Lower than the Angels
- Author: Diarmaid MacCulloch
- Genre: Non-fiction
- Publisher: Penguin Books
- Publication date: 19 September 2024
- Publication place: United Kingdom
- Pages: 688
- ISBN: 9780241400937

= Lower than the Angels (book) =

2024 book by Diarmaid MacCulloch

Lower than the Angels: A History of Sex and Christianity is a 2024 book by English historian and Oxford University Emeritus Professor of the History of the Church Diarmaid MacCulloch. The book explores the history of Christian debates over sex, gender and family.

==Title==
The book's title is drawn from chapter 2 of the Epistle to the Hebrews in the New Testament, quoting the Septuagint (Greek) translation of Psalm 8:5, which describes humankind as "for a little while lower than the angels". The original Hebrew speaks of God making humanity "little less than god" (or "the gods").
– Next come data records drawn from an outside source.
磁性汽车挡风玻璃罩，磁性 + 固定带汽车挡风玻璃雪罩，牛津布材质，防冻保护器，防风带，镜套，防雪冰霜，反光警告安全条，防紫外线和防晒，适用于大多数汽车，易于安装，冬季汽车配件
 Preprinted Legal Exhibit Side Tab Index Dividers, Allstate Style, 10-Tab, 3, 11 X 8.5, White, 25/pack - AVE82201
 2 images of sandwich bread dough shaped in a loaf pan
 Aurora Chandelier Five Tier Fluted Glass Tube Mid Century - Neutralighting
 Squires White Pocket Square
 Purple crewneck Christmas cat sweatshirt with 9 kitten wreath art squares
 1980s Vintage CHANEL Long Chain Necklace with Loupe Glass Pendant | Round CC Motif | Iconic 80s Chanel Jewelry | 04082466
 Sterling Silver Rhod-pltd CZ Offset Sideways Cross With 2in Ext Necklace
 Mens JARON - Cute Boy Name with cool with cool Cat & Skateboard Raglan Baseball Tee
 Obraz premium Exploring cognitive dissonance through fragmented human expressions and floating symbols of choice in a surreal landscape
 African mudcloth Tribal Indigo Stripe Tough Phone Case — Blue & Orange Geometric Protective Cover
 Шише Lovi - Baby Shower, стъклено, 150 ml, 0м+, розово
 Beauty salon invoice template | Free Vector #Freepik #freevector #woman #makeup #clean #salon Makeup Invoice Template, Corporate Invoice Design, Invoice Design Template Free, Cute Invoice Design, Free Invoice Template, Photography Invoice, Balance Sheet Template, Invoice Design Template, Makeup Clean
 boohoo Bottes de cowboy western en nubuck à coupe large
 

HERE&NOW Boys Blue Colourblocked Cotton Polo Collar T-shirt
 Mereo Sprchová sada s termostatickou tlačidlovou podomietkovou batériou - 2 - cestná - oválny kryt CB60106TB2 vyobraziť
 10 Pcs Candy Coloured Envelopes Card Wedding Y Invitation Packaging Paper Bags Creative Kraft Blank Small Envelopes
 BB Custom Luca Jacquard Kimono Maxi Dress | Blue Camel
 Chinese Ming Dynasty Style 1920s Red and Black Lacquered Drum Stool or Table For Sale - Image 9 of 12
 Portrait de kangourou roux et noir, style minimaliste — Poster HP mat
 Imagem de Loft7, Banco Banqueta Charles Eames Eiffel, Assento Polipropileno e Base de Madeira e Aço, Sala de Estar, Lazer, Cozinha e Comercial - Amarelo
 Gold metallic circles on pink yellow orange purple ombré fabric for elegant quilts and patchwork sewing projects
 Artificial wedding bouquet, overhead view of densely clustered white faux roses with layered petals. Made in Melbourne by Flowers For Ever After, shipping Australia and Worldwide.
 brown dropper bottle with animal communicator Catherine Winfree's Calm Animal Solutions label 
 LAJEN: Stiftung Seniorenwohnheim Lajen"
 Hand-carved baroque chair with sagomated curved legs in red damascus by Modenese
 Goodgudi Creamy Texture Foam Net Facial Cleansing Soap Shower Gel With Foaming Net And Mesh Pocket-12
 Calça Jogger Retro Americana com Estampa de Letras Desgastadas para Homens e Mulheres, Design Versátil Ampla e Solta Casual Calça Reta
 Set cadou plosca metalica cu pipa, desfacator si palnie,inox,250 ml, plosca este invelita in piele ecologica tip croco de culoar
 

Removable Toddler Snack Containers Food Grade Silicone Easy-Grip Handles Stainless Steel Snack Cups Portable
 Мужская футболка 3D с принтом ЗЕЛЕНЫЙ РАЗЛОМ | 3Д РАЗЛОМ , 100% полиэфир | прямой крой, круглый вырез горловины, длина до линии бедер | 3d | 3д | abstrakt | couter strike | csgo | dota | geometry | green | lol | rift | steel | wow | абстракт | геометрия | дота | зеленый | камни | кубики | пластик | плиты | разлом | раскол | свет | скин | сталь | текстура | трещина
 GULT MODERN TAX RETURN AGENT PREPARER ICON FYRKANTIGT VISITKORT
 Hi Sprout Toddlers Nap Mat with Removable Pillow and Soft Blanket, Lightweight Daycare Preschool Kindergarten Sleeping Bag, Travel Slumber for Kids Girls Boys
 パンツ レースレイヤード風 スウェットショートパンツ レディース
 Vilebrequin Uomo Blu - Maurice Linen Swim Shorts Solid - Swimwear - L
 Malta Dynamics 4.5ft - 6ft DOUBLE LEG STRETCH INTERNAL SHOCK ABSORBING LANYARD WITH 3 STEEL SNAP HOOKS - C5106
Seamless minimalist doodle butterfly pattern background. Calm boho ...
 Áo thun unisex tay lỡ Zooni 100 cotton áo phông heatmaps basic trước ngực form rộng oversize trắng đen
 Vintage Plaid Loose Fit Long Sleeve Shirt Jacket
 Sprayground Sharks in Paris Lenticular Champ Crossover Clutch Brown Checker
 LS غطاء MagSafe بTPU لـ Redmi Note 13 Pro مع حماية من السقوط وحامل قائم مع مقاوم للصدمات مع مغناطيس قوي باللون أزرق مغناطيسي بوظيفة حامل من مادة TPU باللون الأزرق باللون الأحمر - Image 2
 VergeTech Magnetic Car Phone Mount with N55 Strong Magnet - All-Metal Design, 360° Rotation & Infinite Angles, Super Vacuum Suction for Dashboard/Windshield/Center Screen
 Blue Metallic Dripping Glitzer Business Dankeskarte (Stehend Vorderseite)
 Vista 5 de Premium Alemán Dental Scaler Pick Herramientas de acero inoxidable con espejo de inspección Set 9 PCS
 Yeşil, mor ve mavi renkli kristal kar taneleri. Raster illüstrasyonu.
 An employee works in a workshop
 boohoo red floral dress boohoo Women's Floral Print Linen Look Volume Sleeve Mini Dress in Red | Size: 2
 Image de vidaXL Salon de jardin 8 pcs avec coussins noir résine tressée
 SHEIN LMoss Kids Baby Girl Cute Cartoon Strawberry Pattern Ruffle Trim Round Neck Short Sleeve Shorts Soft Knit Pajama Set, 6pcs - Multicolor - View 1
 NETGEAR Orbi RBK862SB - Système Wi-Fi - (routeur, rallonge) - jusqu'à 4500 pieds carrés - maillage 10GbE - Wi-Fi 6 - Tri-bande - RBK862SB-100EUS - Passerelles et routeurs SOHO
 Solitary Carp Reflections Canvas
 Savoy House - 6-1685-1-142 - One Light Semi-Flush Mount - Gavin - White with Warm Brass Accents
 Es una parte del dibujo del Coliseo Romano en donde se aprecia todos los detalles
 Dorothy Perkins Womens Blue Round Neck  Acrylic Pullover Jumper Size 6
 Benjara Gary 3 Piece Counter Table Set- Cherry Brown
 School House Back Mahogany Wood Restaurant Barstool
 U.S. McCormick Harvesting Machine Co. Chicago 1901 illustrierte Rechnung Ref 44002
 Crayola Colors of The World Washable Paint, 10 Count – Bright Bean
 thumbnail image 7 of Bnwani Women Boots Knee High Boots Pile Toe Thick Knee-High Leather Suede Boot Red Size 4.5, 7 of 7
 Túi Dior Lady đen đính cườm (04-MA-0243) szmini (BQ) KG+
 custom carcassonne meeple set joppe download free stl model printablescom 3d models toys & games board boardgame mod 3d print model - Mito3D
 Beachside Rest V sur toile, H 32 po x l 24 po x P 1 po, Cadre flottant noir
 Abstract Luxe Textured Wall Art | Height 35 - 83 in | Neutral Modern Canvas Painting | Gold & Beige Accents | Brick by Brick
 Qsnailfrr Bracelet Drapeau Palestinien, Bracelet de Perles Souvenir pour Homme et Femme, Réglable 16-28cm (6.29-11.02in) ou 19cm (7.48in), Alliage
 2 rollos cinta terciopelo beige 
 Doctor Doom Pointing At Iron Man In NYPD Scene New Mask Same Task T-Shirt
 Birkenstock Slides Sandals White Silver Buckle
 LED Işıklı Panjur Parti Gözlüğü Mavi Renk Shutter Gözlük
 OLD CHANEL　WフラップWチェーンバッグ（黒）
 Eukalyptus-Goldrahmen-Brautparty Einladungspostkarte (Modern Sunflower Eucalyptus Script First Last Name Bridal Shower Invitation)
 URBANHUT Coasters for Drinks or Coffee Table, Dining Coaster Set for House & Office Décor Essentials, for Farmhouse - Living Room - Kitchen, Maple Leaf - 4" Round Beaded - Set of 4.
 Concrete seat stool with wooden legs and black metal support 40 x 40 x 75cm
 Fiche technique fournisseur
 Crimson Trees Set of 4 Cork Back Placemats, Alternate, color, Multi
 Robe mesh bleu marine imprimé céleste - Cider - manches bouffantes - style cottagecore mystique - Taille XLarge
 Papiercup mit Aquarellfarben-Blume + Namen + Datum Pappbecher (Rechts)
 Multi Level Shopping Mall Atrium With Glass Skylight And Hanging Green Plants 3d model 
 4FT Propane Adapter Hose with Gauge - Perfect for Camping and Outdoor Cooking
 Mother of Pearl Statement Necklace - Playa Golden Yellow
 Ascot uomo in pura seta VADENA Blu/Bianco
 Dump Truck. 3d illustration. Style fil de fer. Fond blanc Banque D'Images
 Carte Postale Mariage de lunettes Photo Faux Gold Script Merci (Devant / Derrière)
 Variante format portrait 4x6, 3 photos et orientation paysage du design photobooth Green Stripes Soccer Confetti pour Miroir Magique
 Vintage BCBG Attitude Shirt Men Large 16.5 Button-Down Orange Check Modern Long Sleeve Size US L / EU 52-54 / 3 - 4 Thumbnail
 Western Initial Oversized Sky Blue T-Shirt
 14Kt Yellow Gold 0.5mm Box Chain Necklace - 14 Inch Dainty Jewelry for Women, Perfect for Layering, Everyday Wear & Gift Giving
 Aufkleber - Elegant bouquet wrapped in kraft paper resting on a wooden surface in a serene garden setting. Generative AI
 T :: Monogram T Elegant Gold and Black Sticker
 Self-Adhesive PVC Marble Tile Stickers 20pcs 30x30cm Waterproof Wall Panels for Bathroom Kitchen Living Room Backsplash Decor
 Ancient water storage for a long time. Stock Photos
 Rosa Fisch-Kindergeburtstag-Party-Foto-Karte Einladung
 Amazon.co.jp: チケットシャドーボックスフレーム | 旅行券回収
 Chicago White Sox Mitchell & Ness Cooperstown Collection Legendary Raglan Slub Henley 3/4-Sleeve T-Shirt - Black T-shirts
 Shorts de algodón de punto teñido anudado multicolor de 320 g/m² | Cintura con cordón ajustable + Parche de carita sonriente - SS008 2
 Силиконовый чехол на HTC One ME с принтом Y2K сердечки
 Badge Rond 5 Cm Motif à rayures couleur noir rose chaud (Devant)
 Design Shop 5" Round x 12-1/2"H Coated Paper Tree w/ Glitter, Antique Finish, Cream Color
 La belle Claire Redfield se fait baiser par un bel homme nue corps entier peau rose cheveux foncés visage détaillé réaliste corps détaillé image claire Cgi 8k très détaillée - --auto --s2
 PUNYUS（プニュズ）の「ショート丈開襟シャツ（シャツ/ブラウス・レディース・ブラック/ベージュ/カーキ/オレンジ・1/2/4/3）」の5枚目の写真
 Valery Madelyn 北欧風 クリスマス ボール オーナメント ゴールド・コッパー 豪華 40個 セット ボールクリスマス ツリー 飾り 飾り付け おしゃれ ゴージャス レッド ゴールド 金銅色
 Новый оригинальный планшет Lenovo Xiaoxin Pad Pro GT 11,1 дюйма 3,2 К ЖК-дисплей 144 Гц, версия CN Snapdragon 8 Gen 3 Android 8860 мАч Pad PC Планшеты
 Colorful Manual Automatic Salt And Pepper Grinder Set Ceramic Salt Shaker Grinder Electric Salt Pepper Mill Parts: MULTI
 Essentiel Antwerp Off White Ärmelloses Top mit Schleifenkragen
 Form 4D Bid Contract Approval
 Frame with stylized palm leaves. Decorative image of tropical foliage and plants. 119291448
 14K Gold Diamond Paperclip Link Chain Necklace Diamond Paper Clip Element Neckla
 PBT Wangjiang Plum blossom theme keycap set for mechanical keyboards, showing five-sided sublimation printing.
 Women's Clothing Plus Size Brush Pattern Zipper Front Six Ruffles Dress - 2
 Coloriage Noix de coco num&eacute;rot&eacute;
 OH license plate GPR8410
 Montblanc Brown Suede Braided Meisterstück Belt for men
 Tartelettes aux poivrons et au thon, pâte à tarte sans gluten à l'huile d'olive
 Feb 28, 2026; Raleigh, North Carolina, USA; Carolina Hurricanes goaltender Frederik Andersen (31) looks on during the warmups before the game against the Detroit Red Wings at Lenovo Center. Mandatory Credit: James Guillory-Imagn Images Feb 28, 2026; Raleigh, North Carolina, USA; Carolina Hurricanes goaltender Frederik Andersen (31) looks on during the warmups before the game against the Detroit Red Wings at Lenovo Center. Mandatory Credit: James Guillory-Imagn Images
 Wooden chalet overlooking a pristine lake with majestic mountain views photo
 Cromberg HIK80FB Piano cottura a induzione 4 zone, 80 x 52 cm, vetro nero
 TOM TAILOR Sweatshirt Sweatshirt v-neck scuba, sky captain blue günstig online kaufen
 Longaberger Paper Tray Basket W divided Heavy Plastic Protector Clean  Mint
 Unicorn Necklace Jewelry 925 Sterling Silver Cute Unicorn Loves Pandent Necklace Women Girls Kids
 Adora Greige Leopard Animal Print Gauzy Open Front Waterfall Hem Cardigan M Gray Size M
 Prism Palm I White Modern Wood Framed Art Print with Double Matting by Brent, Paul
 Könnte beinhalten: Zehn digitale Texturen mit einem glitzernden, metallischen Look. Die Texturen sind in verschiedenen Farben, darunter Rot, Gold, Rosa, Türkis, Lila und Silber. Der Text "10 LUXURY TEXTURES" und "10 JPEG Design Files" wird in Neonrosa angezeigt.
MacCulloch uses this phrase to query the nature of angels and their capacity for sexuality in the Bible, compared to humanity.

==Reception==

Lower than the Angels received positive reviews. Former Archbishop of Canterbury Rowan Williams gave the book a 5-star review in The Daily Telegraph, writing that the book offers "a compelling and encyclopedic survey of how Christianity makes sense of sexual desire". In a review in the New York Times, Princeton University lecturer Spencer Strub praised MacCulloch's "dry wit and flair for narrative sweep". Writing in The Guardian, Kathryn Hughes labelled the book "masterly" and wrote that MacCulloch effectively navigated the complexity of the topic without his writing becoming polemical. In a review in the Financial Times, Anglican priest Lucy Winkett described the book as a "magisterial" account, and wrote that it provided "an important and timely contribution to the current debates not just within the Church, but in societies that should understand the influence of Christian teaching on these subjects for good or ill". A review in The Times noted that in addition to its scholarly rigour, the book was often quite humorous.

In a more mixed review for the London Review of Books, Tudor historian Lucy Wooding praised the book as "an erudite, judicious and often sympathetic account of Christian history". However, she noted that it was also "manifestly a book written by a man" which featured little discussion of pregnancy, childbirth and babies, ignoring the fact that "in almost every century under discussion, the point of sex wasn’t just the sexual encounter itself but the pregnancy that might ensue". Wooding further opined that, among MacCulloch's extensive coverage of Christian theological debates, the existence of the Church as a communal "body of faithful believers trying to do the right thing" risked being obscured.